**Activity**:
Produce a word-for-word copy of the data that follows, excluding images.

### Records supplied ###

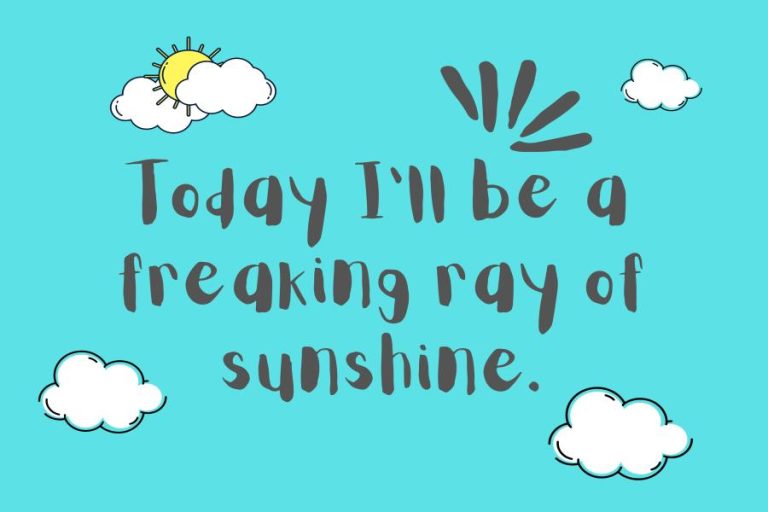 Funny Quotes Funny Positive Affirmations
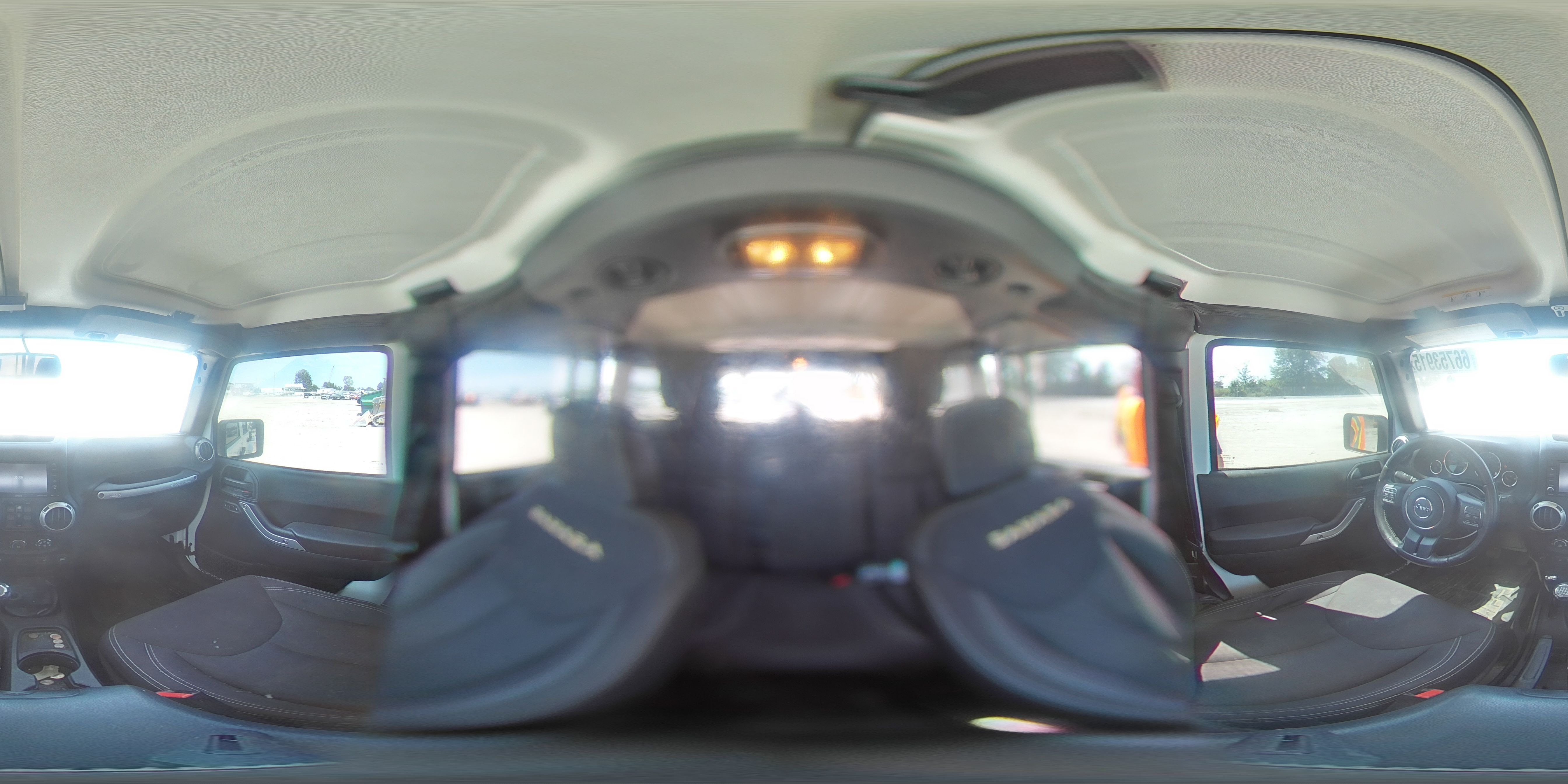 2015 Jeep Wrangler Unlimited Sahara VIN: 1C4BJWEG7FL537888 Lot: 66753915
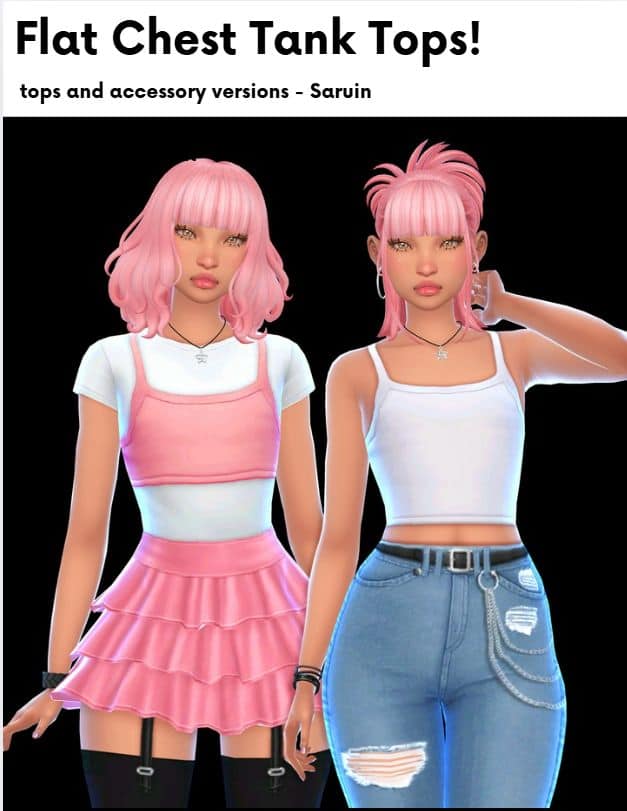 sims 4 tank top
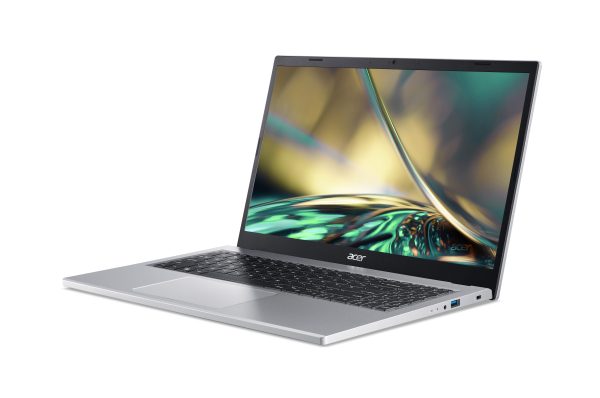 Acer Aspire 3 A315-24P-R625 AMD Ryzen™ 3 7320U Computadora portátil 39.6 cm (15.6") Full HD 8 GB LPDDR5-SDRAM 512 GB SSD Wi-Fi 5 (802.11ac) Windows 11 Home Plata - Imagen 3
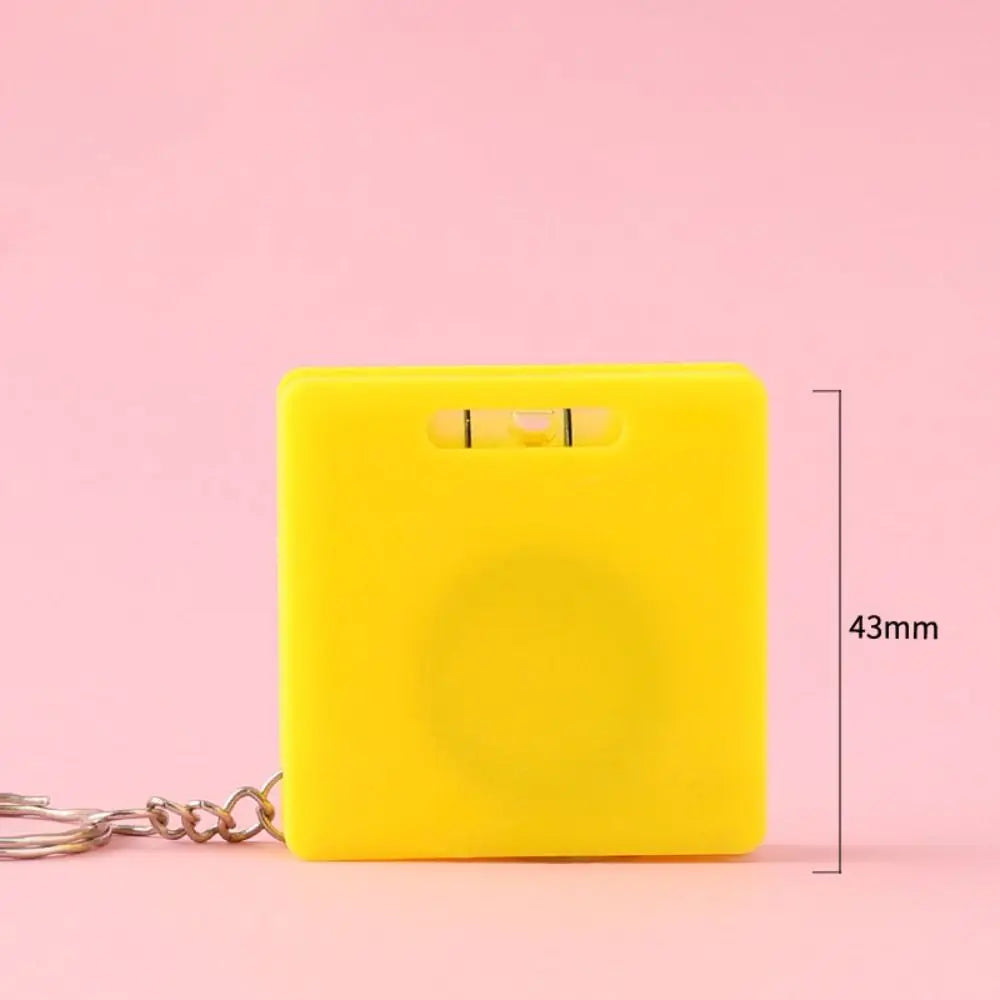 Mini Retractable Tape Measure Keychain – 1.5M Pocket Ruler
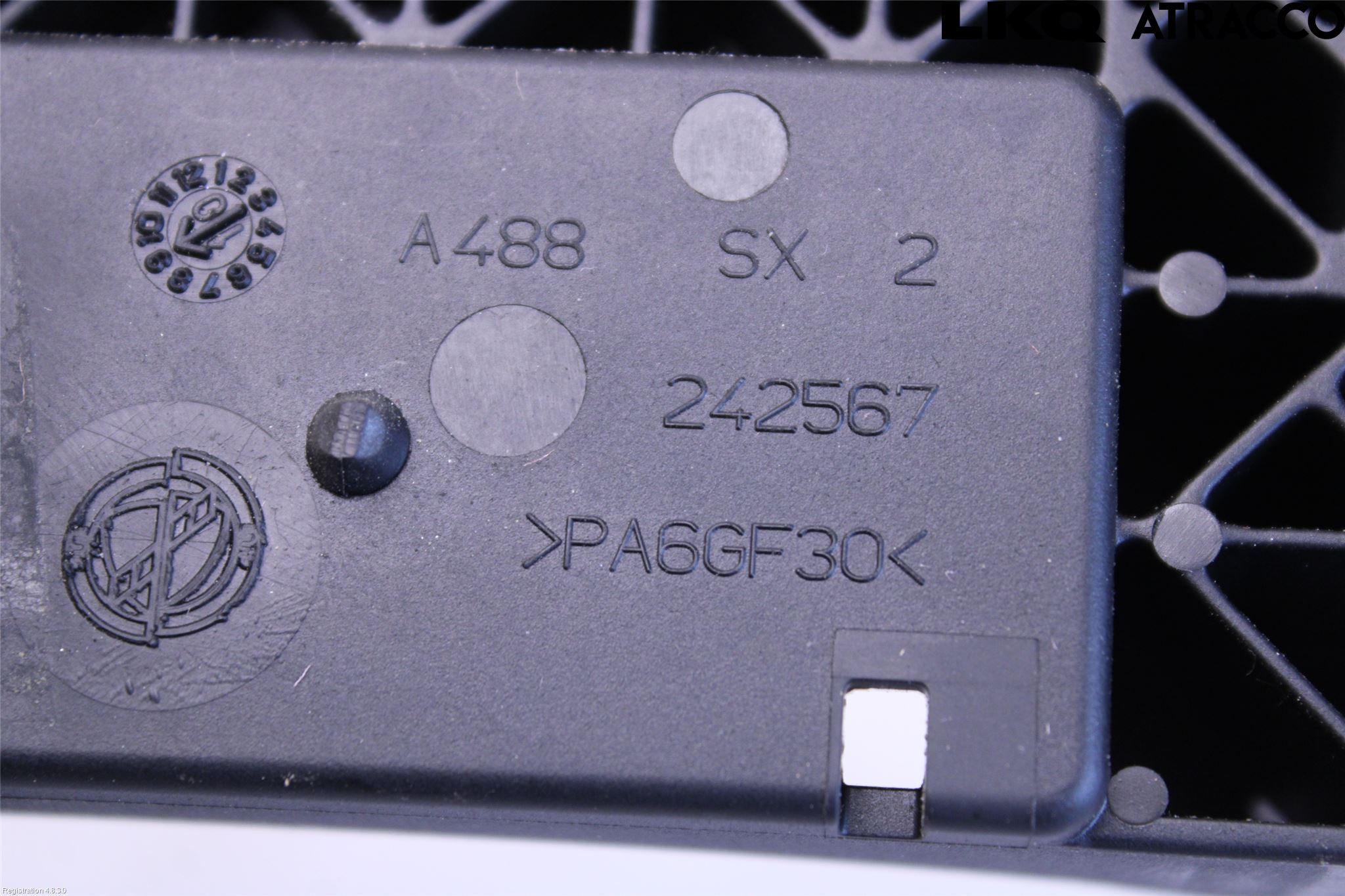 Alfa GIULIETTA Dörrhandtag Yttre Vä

###

**Answer section**:
 Funny Quotes Funny Positive Affirmations
 2015 Jeep Wrangler Unlimited Sahara VIN: 1C4BJWEG7FL537888 Lot: 66753915
 sims 4 tank top
 Acer Aspire 3 A315-24P-R625 AMD Ryzen™ 3 7320U Computadora portátil 39.6 cm (15.6") Full HD 8 GB LPDDR5-SDRAM 512 GB SSD Wi-Fi 5 (802.11ac) Windows 11 Home Plata - Imagen 3
 Mini Retractable Tape Measure Keychain – 1.5M Pocket Ruler
 Alfa GIULIETTA Dörrhandtag Yttre Vä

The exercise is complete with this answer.